_What you should do_
Output, exactly and in full, only the lines from the one containing "Little Beehive Gift Box | Honey & Flowers" to the last line of the data. Pictures should not appear.

_Short descriptive text snippets_
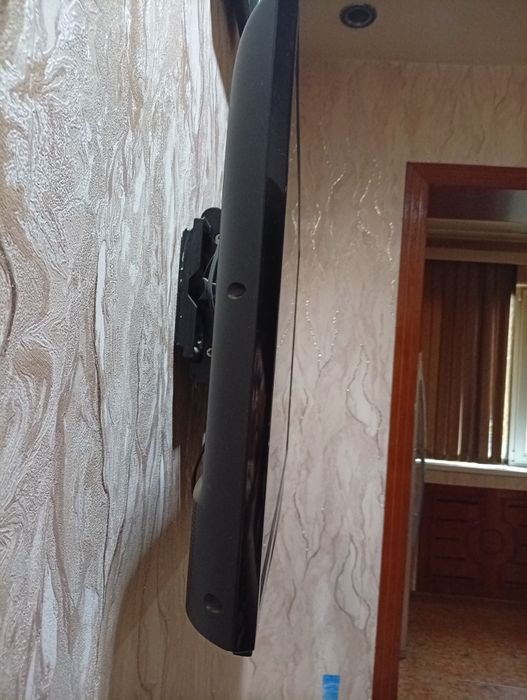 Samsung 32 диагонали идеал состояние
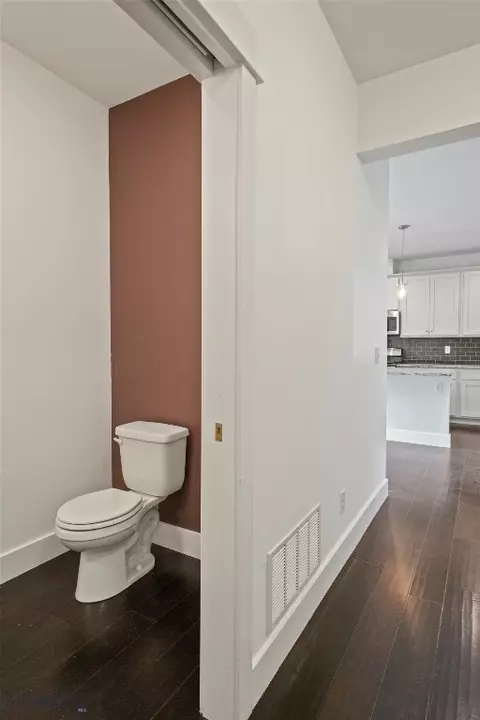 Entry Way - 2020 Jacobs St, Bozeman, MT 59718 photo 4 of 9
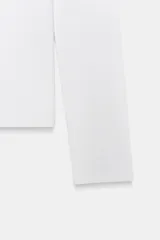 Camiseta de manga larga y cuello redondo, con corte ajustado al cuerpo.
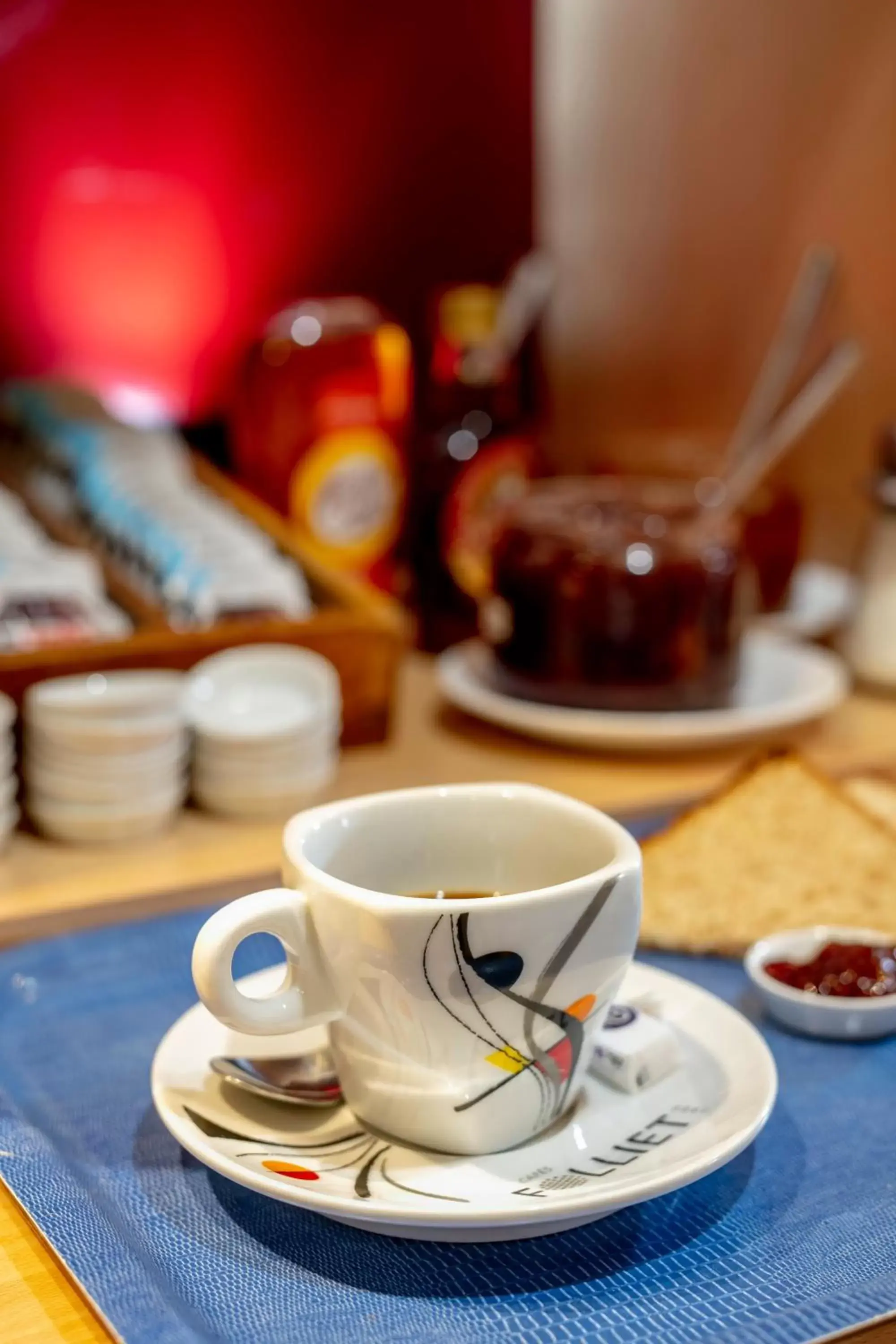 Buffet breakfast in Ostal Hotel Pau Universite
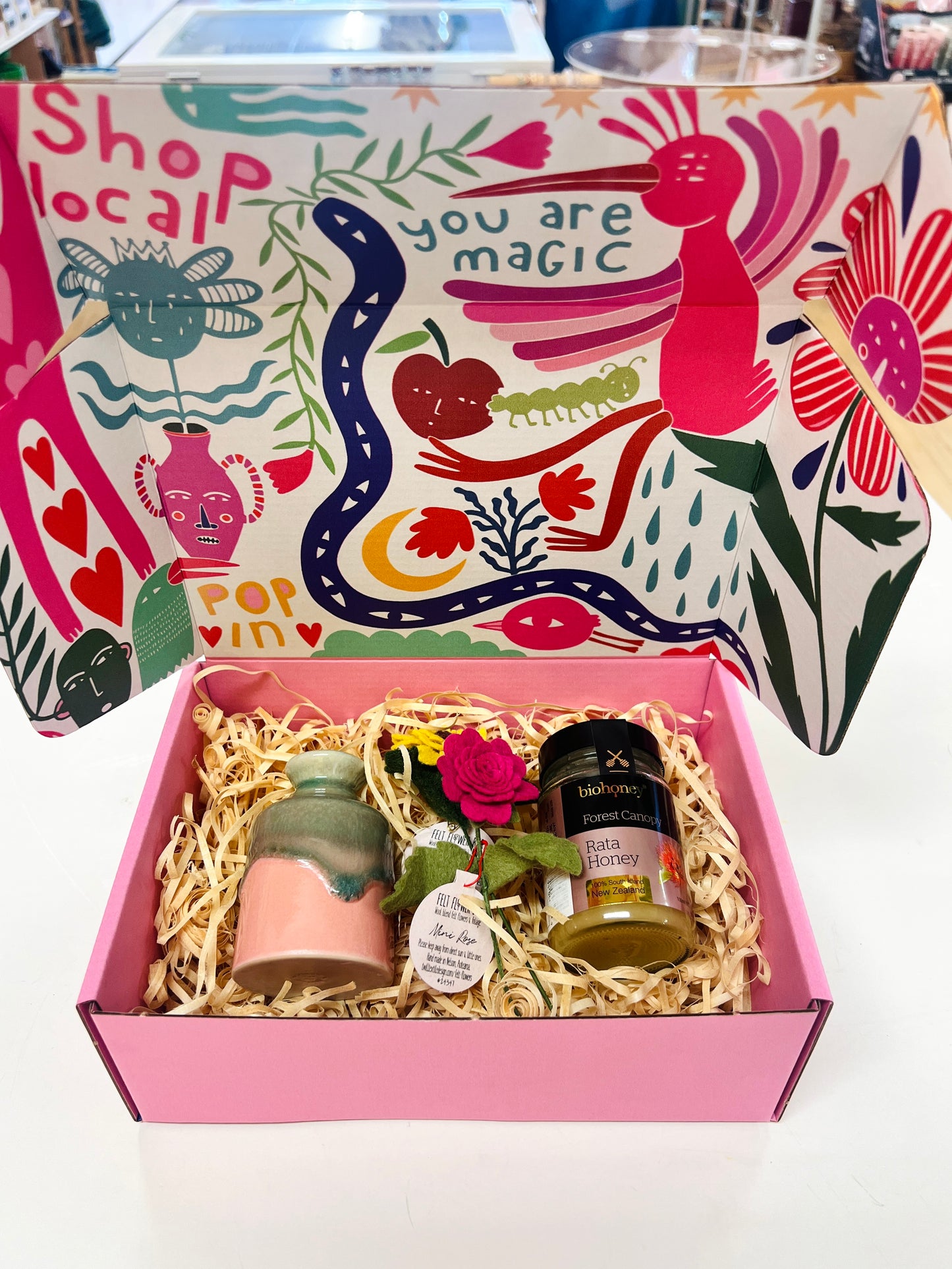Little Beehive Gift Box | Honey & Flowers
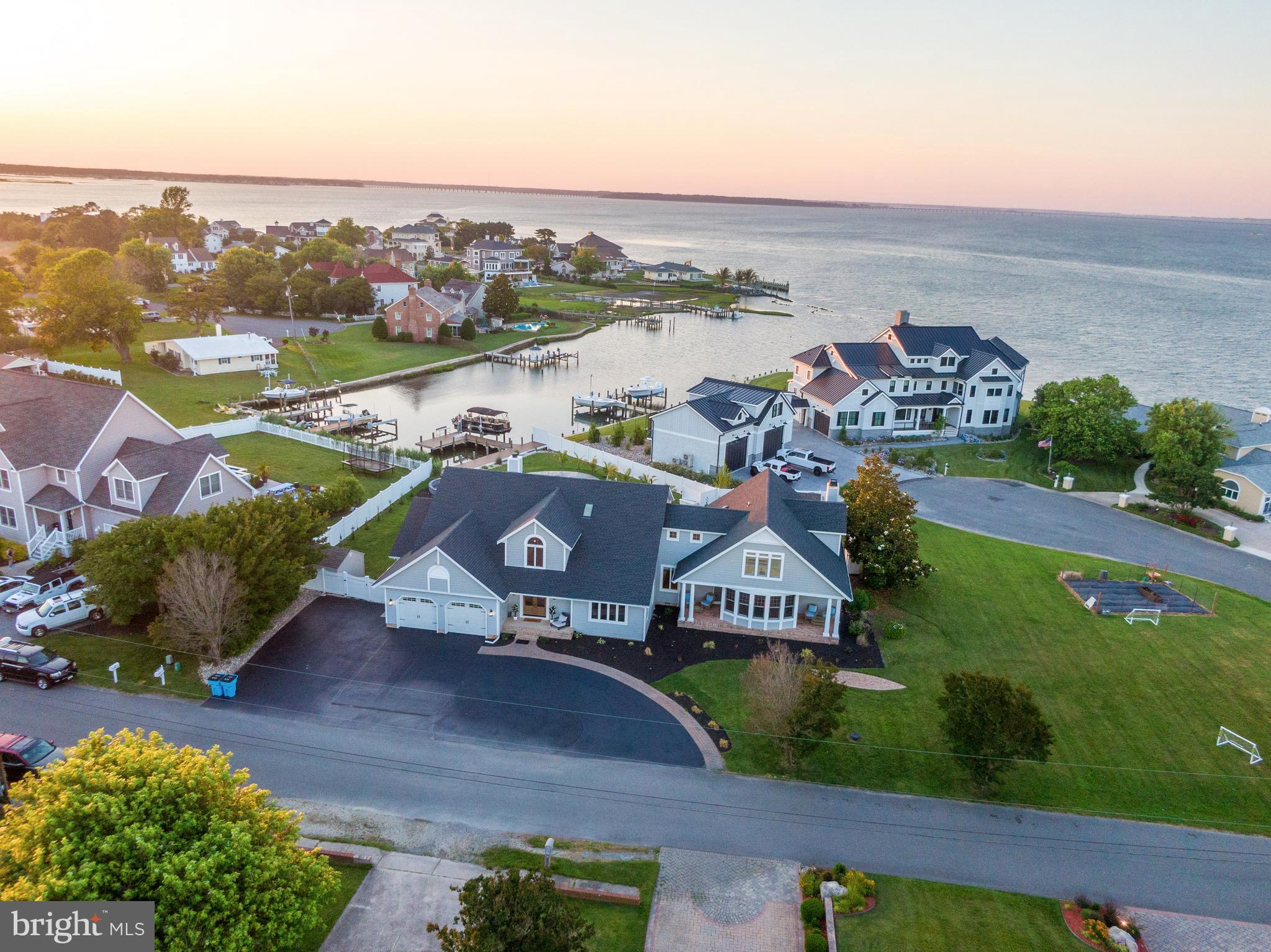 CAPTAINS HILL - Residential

_Result of the task_
Little Beehive Gift Box | Honey & Flowers
 CAPTAINS HILL - Residential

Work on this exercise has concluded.